Using the entries below, write out the line with "No es Seguro", the line with "Reflektometr FARUN FS-222P", and every line in between, exactly as each is written.
(EXCERPTED RECORDS Opens)
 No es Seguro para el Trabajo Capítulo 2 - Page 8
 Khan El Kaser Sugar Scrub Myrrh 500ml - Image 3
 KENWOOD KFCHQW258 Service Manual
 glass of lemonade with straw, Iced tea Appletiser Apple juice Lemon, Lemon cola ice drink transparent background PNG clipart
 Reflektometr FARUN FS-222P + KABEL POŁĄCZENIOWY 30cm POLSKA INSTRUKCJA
(EXCERPTED RECORDS Closes)
(EXCERPTED RECORDS Opens)
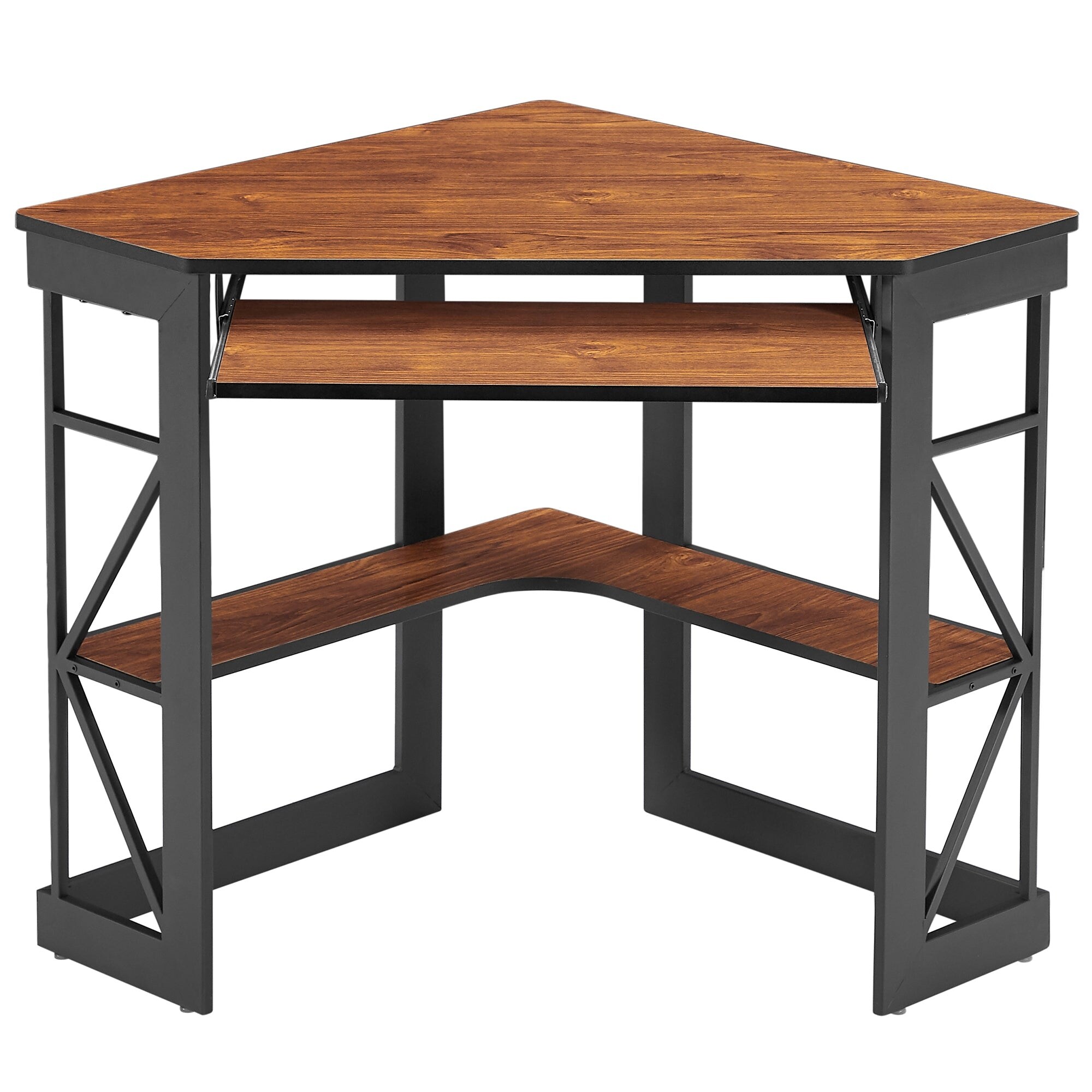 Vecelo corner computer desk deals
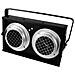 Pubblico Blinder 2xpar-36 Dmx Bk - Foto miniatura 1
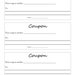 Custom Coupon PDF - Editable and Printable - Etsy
(EXCERPTED RECORDS Closes)
(EXCERPTED RECORDS Opens)
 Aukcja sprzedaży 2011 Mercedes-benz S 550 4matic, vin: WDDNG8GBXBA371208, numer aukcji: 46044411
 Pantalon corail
(EXCERPTED RECORDS Closes)
#### SOLUTION FOR THIS EXERCISE
 No es Seguro para el Trabajo Capítulo 2 - Page 8
 Khan El Kaser Sugar Scrub Myrrh 500ml - Image 3
 KENWOOD KFCHQW258 Service Manual
 glass of lemonade with straw, Iced tea Appletiser Apple juice Lemon, Lemon cola ice drink transparent background PNG clipart
 Reflektometr FARUN FS-222P + KABEL POŁĄCZENIOWY 30cm POLSKA INSTRUKCJA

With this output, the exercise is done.